We’ve had some interesting grimoire releases over the past year, and I’ve been remiss in reviewing them. I’ll see what I can do to catch up, beginning with Frank Klaassen’s Making Magic in Elizabethan England: Two Early Modern Vernacular Books of Magic, which is part of their Magic in History series. This is particularly welcome, as it is the first set of longer texts published by Klaassen, who is an associate professor at the University of Saskatchewan and one of the few academics working on early modern magical texts.

The main body of the book consists of transcriptions of two books. The first, Bodleian MS. Additional B.1., is a late sixteenth-century text, with most of its contents being shorter charms dealing with healing, protection, and theft detection. The second, British Library Harley 2267, was completed in 1600 and includes more material about summoning spirits, synthesizing and expanding upon information from Agrippa’s Three Books, the spurious Fourth Book, the Heptameron, and other sources, all of which were not printed in English at the time.

The first text includes extensive passages in Latin, which are provided in columns with the translation thereto. The original spelling has been preserved, which will make the book more appealing to scholars and students but may make for a more difficult read for laymen. Each is extensively annotated – with endnotes, unfortunately, instead of footnotes which could be referred to at the same time as the text. The illustrations within the text are redrawn in the same way as my readers have seen in Oberon and Of Angels – even James’ choice of font seems to have been used here. Both works are prefaced with an insightful introduction and notes on the manuscript and followed with a table giving the sources of Harley 2267 and a bibliography.

I’d like to share with you one of the passages from the second text dealing with the terrifying illusions spirits will show the magician, which gives you as accurate a depiction of the text as WordPress options allow:

Also many tymes horribles sightes will apeare to feare ye from thy worke, as to see thy father or mother slayne afore thy face, or to thinke ye waues of the Sease shoulde droune the, Or Serpentes, lyons, bulles, beares, or dogges to deuour the, Sumtyme ye judge of mayor of ye Toune to cum vnto the, all which are but illusyons… (pp. 110-111)
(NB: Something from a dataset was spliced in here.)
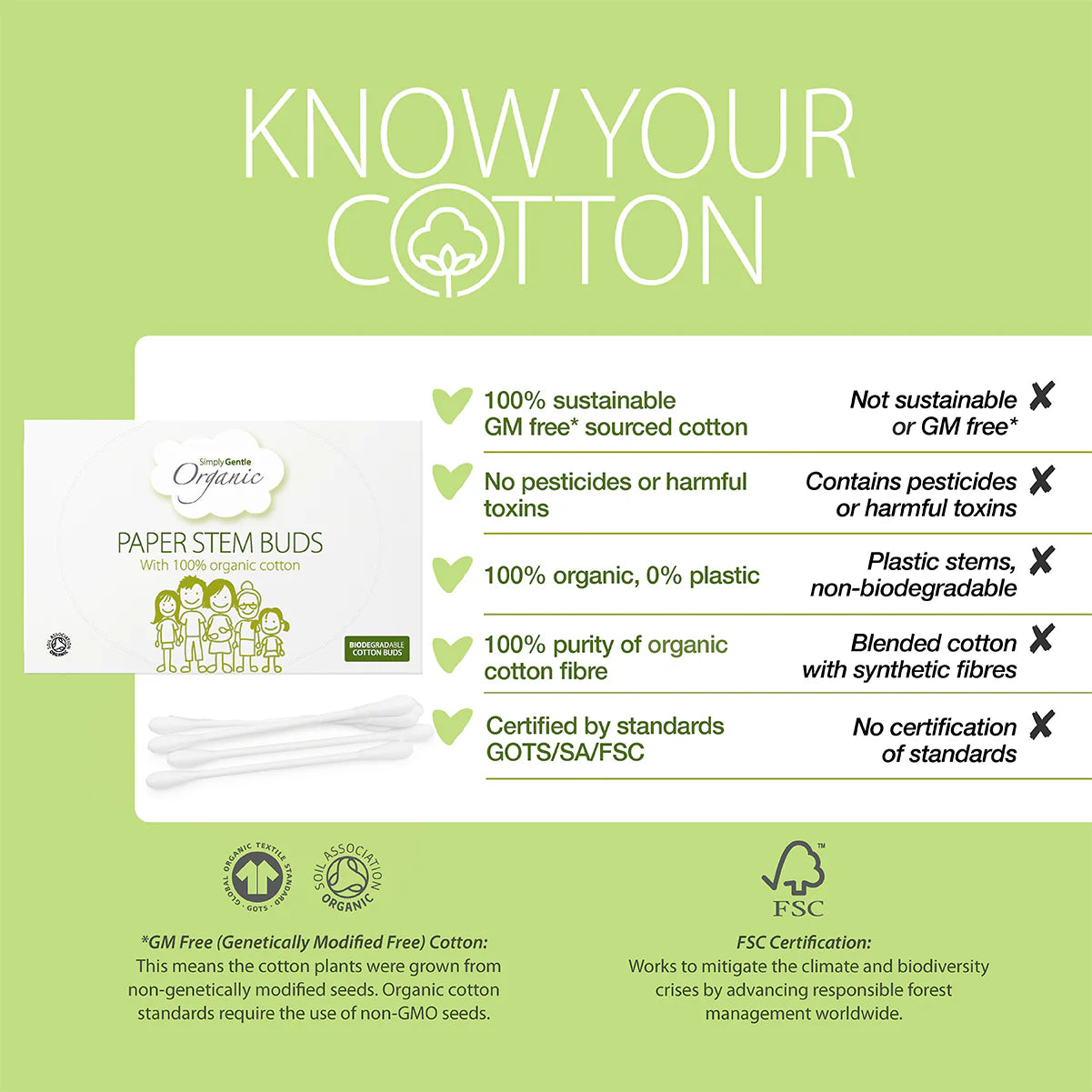 Product packaging with 'Know Your Cotton' label on a green background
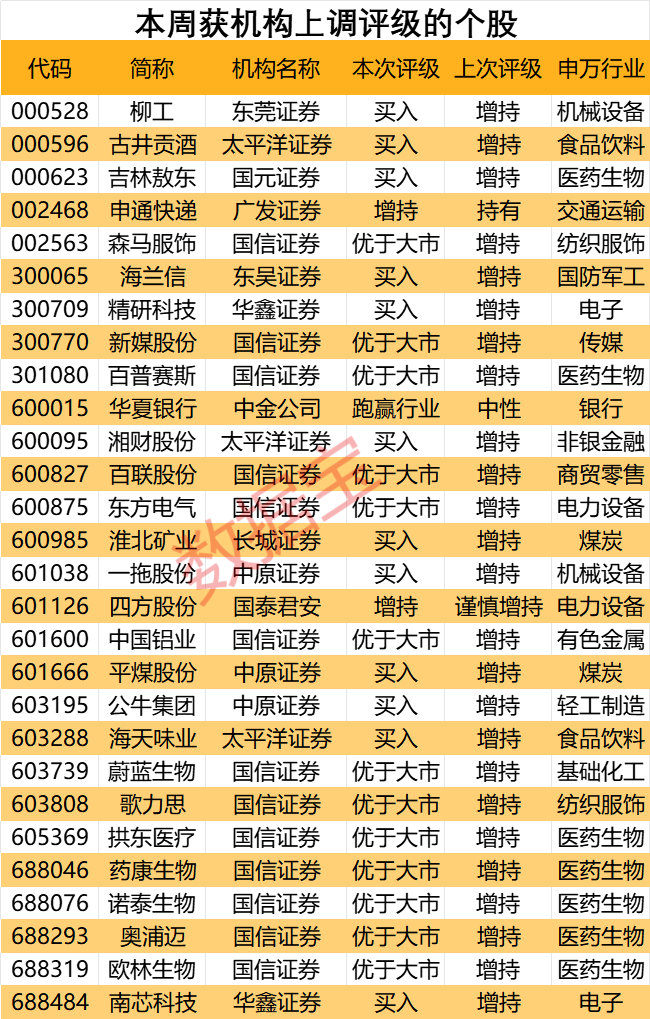 最新卖方青睐股曝光，“迪王”赢麻了！“顶流”基金隐形重仓股曝光，定制家居龙头斩获机构最多关注-第3张图片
I find the notes to be particularly illuminating, even though we are sometimes interested in different aspects. For example, Klaassen places more emphasis on the liturgical connections of the text, and I certainly feel this is a direction I want to pursue more in my future works.

On the other hand, he does not always emphasize the elements that I might. There’s nothing wrong with this at all, but it’s worth noting. For example, the first manuscript begins with making two wax images for catching thieves – similar rituals appear in Of Angels and my new Bellhouse book. The introduction notes that this is probably adapted from astrological image magic works, to which I would add that it is quite a robust and enduring operation. Further, the rite includes the names of two suspected thieves, suggesting that the copyist (or that of a previous manuscript in the tradition) was oriented toward practice rather than simply curious.

I do have one reservation for recommending this book: the price. The work is $89.95 for 150 pages of content, so this is priced for libraries more than casual readers. Further, the use of parallel texts may mean that the work cannot be converted to a cheap e-book format, as was done with Klaassen’s previous work, The Transformations of Magic. I can certainly hope that a cheaper, paperback student edition will be available soon, so more people can appreciate just how good this work is.